WORK TASK |
Please set down, with no changes, every line of the material below from the one containing "Sterling Silver Corrungated" through the end. Skip the pictures.
-- Opening Marker --
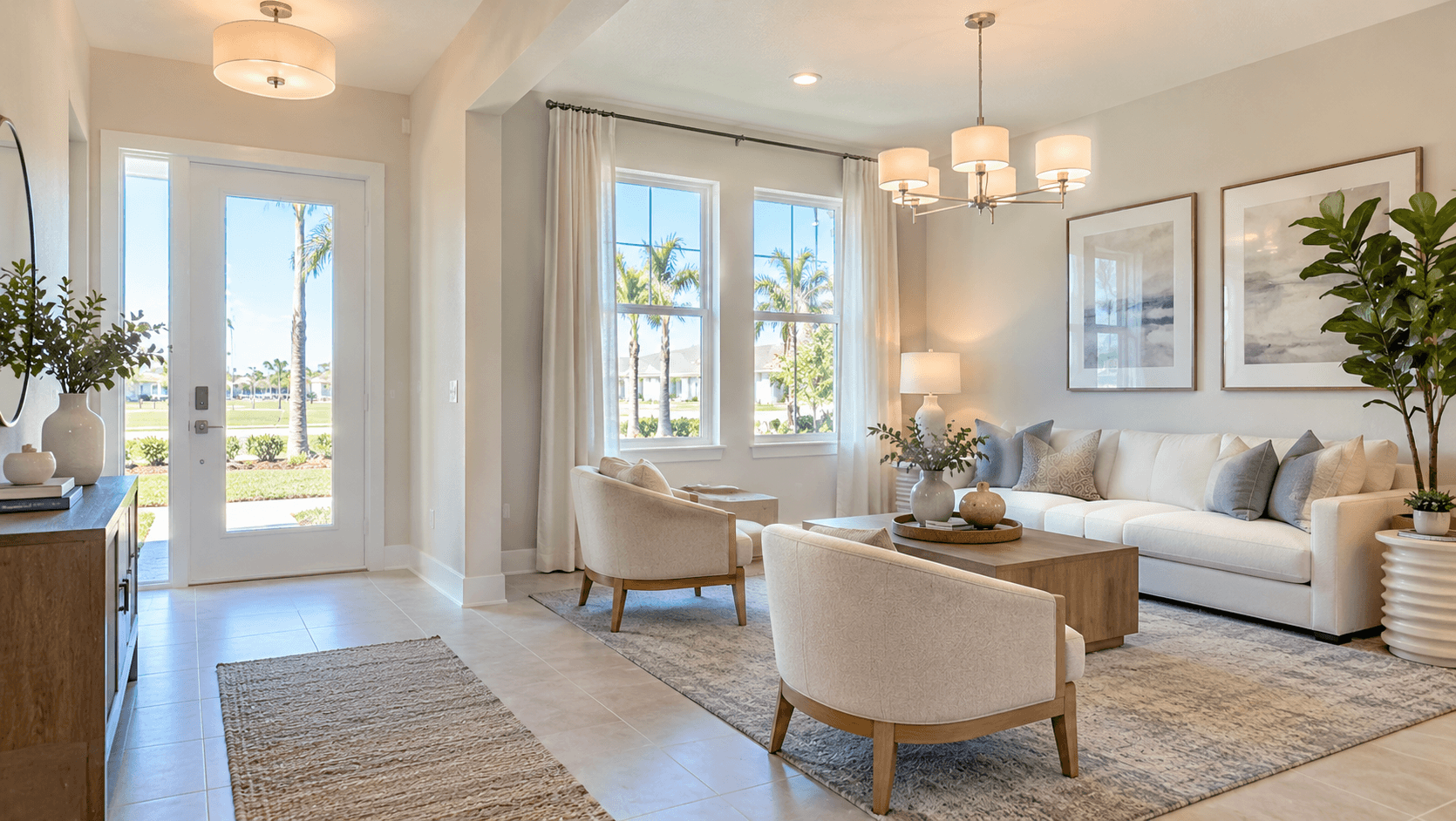 Formal living room near the front entry in a Lennar model home at Heron Pointe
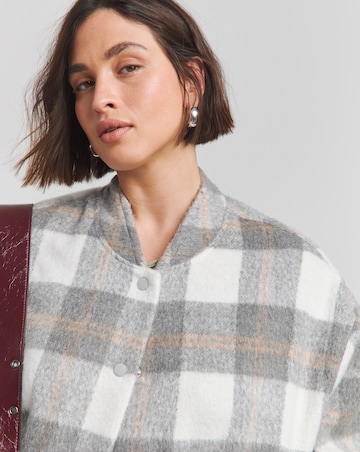 Grey Checked Brushed Faux Wool Bomber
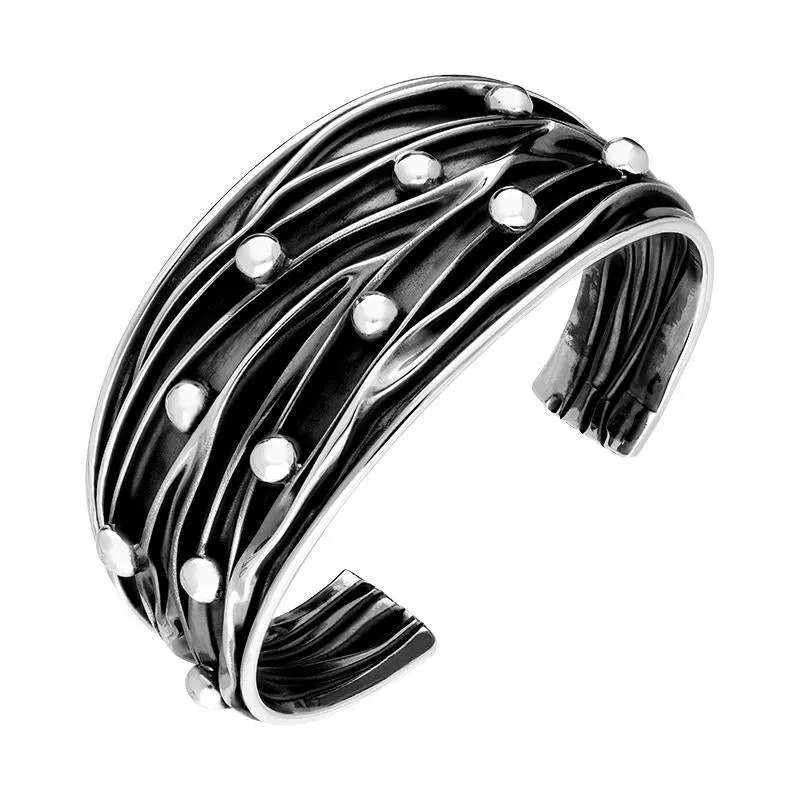 Sterling Silver Corrungated Cuff Bangle sold by Jura Watches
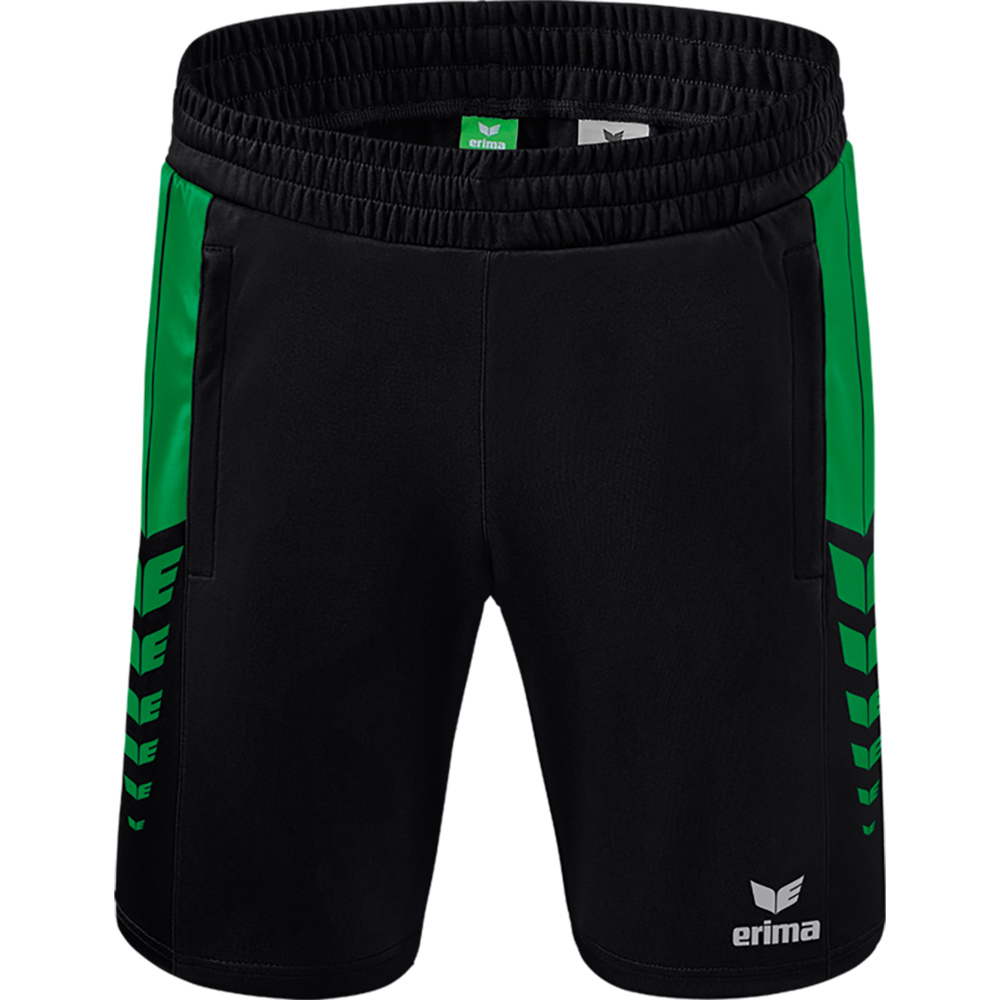 ERIMA SIX WINGS WORKER SHORTS, BLACK-EMERALD MEN. 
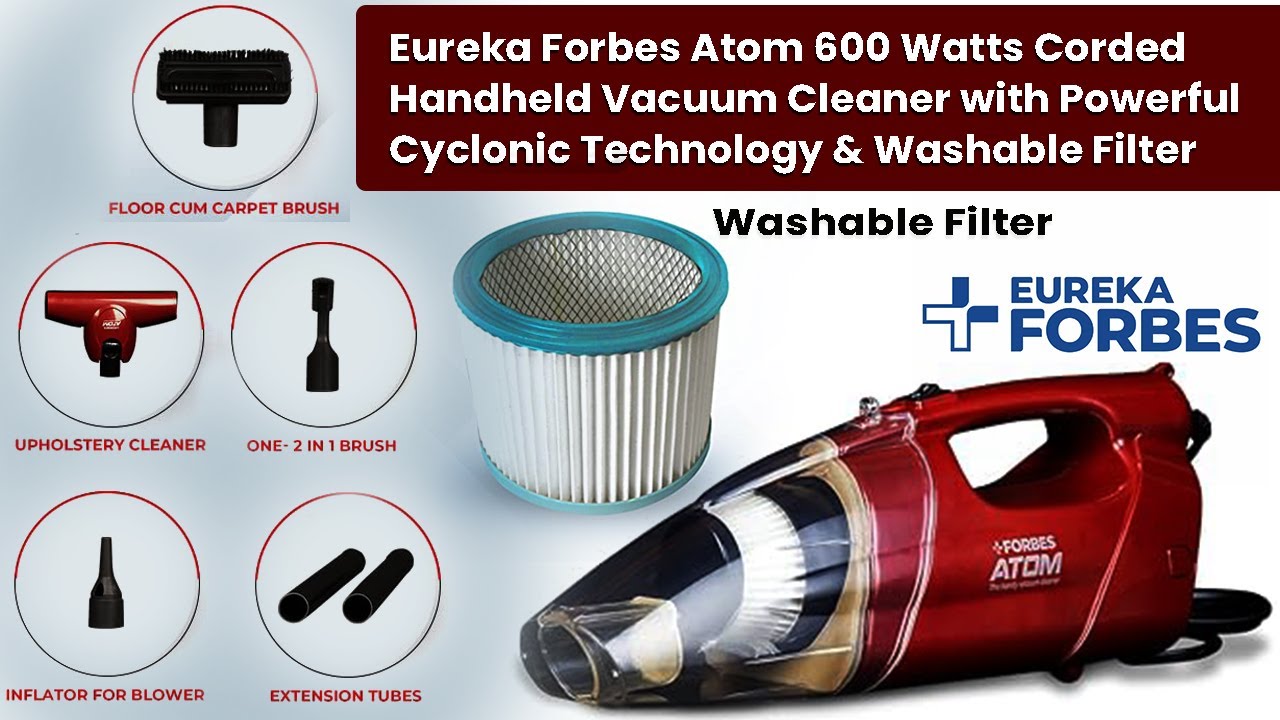 Eureka Forbes Atom 600 Watts Corded Handheld Vacuum Cleaner with Powerful Cyclonic Technology & Wash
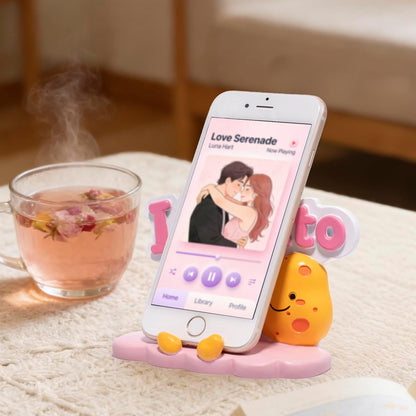 ZAWUU Coffee & Donuts Phone Stand - Cute Resin Phone Holder for Desk, Bedside Table, and Kitchen Counter, Adjustable Vertical & Horizontal Display, Fun Gift for Coffee Lovers, Women, and Teens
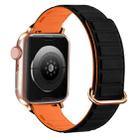 For Apple Watch 7 45mm Reverse Buckle Magnetic Silicone Watch Band(Rose Buckle Black Orange) - 1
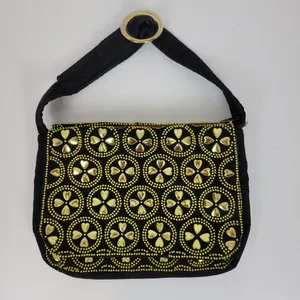 Vintage Retro Womens Bag Black Gold Beaded Studded Corduroy Purse Hong Kong thumbnail 14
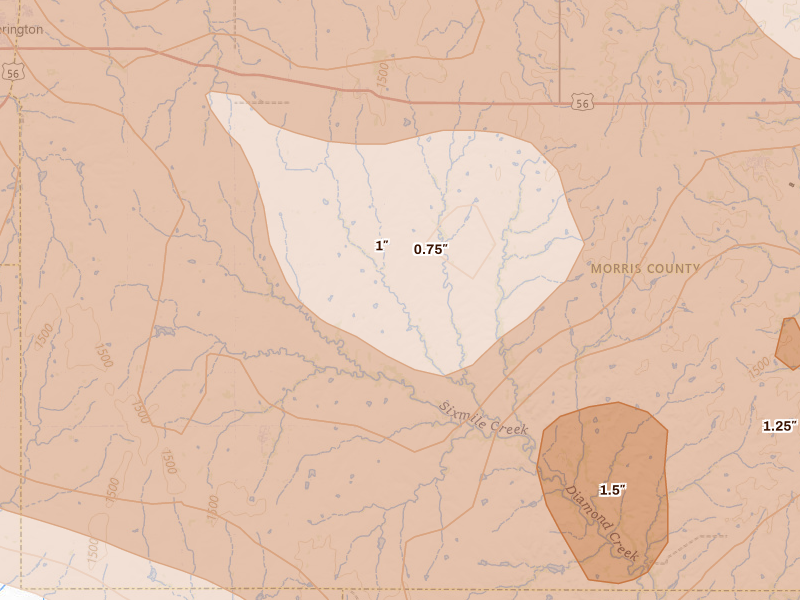 Radar-estimated hail-size map of the storm over Burdick, KS on Jun 10, 2026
-- Closing Marker --
SOLUTION TO THIS EXERCISE |
 Sterling Silver Corrungated Cuff Bangle sold by Jura Watches
 ERIMA SIX WINGS WORKER SHORTS, BLACK-EMERALD MEN. 
 Eureka Forbes Atom 600 Watts Corded Handheld Vacuum Cleaner with Powerful Cyclonic Technology & Wash
 ZAWUU Coffee & Donuts Phone Stand - Cute Resin Phone Holder for Desk, Bedside Table, and Kitchen Counter, Adjustable Vertical & Horizontal Display, Fun Gift for Coffee Lovers, Women, and Teens
 For Apple Watch 7 45mm Reverse Buckle Magnetic Silicone Watch Band(Rose Buckle Black Orange) - 1
 Vintage Retro Womens Bag Black Gold Beaded Studded Corduroy Purse Hong Kong thumbnail 14
 Radar-estimated hail-size map of the storm over Burdick, KS on Jun 10, 2026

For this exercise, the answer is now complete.